# Big Data Lecture Notes: Stream Join Processing

## Part 1: Introduction to Stream Joins

Joining data is a fundamental operation, but it becomes much more complex when dealing with continuous data streams. A **stream join** is the process of combining data from two or more streams based on a common attribute.

### Types of Stream Joins

We can categorize stream joins based on whether the streams are finite or infinite:

* **Bounded Stream Join**: This occurs when all streams in the join have a defined start and end. Since the total amount of data is finite, this process is similar to a traditional database join.
* **Unbounded Stream Join**: This occurs when at least one of the streams is infinite (it has a start but no end).
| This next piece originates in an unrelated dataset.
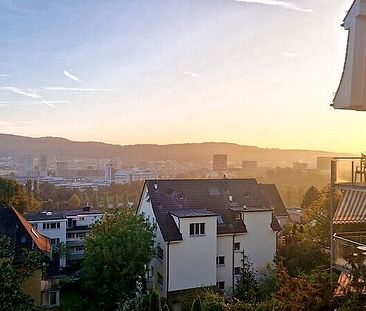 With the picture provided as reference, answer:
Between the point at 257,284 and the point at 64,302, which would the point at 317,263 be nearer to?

This is the more challenging scenario.

#### Challenges of Unbounded Joins
1.  **How do you join infinite streams?** Since you can't store an entire infinite stream, you can't perform a traditional join. You need a way to limit the scope of the join.
2.  **How do you handle late or out-of-order data?** Due to network latency, a tuple from one stream might arrive long after its matching tuple from another stream has already been processed and discarded.

---

## Part 2: Joining Unbounded Streams

To handle infinite data, we perform joins on a limited portion of the stream using **windows**. The join is only applied to the tuples currently inside the window for each stream.


### The Problem with Simple Hash Joins

A standard hash join involves building a hash table from one dataset (S) and then probing it with tuples from the other dataset (R). This doesn't work for streams.
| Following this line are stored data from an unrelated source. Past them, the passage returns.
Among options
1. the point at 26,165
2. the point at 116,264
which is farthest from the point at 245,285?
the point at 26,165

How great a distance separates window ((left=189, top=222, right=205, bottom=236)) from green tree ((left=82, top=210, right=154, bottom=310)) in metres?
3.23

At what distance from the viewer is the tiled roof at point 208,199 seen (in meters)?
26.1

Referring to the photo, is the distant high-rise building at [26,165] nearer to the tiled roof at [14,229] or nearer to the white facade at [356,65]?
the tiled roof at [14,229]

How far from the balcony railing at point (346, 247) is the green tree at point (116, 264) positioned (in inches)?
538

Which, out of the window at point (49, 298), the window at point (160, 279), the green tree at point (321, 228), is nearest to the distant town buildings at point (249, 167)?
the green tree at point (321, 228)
* **Question**: What's the problem with this approach for streams?
    * **Answer**: It's all about timing. If a tuple `r` from stream R arrives *before* its matching tuple `s` from stream S, the join will be missed. When `r` probes the hash table for S, `s` won't be there yet.

### Symmetric Hash Join: The Solution

To solve this timing issue, we use a **Symmetric Hash Join**. The key idea is to maintain **two hash tables**, one for each stream (e.g., Hash Table R and Hash Table S).
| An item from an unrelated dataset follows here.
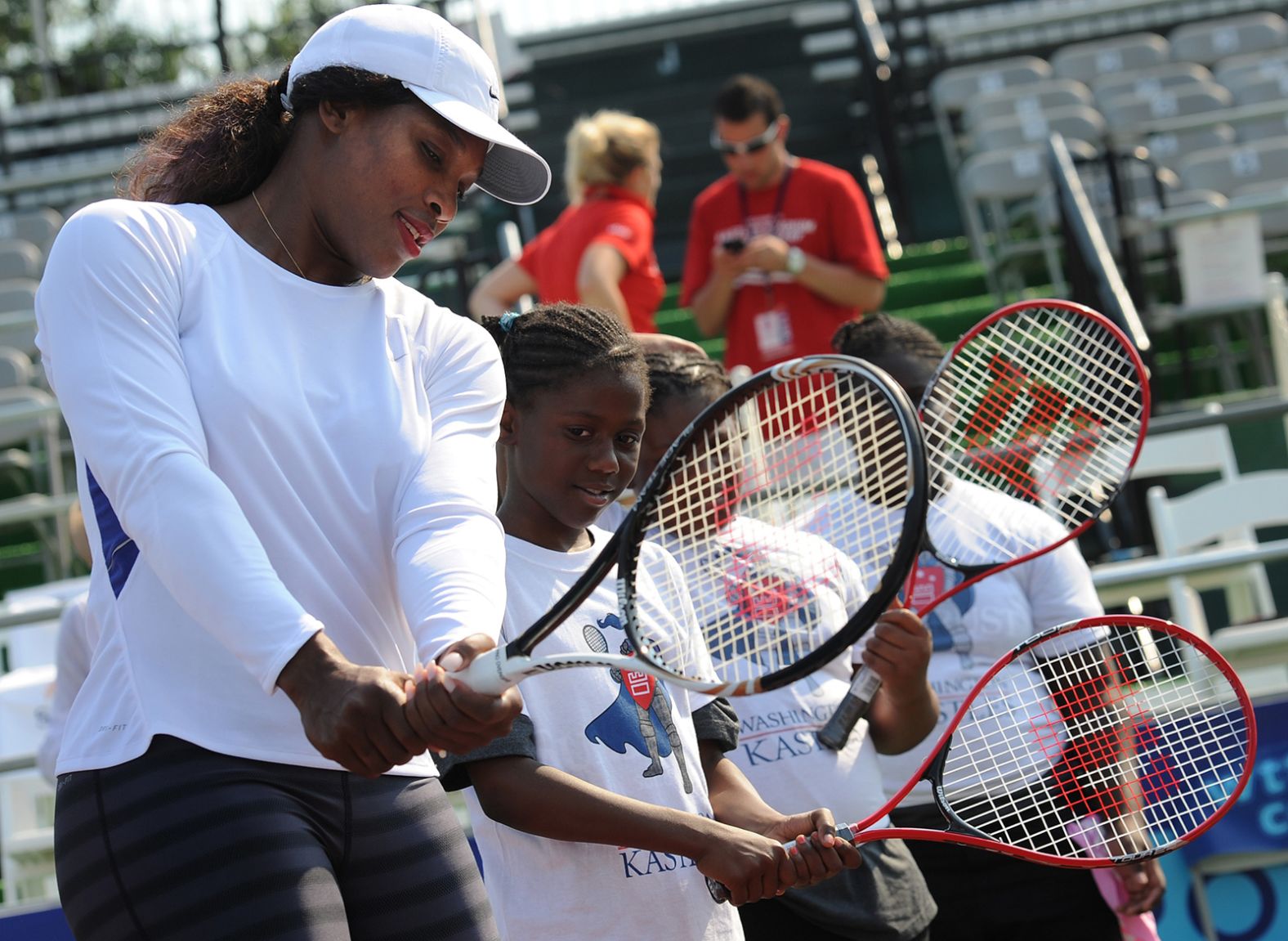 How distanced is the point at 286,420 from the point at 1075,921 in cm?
224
The process for a newly arriving tuple `r` from Stream R is as follows:
1.  **Probe**: `r` is checked against the *other* stream's hash table (Hash Table S). If a match is found, a join result is produced.
2.  **Hash**: `r` is then inserted into its *own* hash table (Hash Table R), making it available for future tuples arriving on Stream S to find.

The same process happens in reverse when a tuple `s` arrives on Stream S. This symmetry ensures that a join can be made regardless of which matching tuple arrives first.

### Window Sliding Mechanisms for Joins

In a time-based window join, the window must "slide" forward. This can be triggered in two ways:

1.  **Tuple Slide**: The window moves forward **every time a new tuple arrives**. When a new tuple `r` arrives, any tuples that are now outside the new time window are expired and removed from their respective hash tables.
2.  **Time Slide**: The window moves forward based on a **fixed time interval** (e.g., every 10 seconds). This is often managed by breaking the window into smaller "basic windows" and sliding by one or more of these basic units at each interval.

#### M-Join: Joining More Than Two Streams
The **M-Join** is a multi-way stream join algorithm based on the Symmetric Hash Join. It's used when you need to join three or more streams (e.g., R, S, and T).
* Each stream maintains its own hash table (Hash Table R, S, T).
* When a new tuple `r` arrives on Stream R, it is probed against the hash tables of **all other streams** (S and T) before being inserted into its own hash table (R).

---

## Part 3: Other Join Types

### Challenges of Tuple-Based Window Joins

While time-based windows are common, **tuple-based (count-based) windows** are rarely used for joins due to several unresolved problems:
* **Inconsistent Windows**: If Stream R's window is defined as "100 tuples," what happens if Stream S has a much slower arrival rate? By the time 100 tuples arrive for R, only a few might have arrived for S. This means you'd be joining new data from R with very old data from S.
* **Ambiguous Semantics**: It's unclear how to define a meaningful join across streams with different velocities using a fixed number of tuples. Because of this ambiguity, tuple-based window joins are not a well-researched or practical approach.

### Bounded Stream Joins (Pipelining Join)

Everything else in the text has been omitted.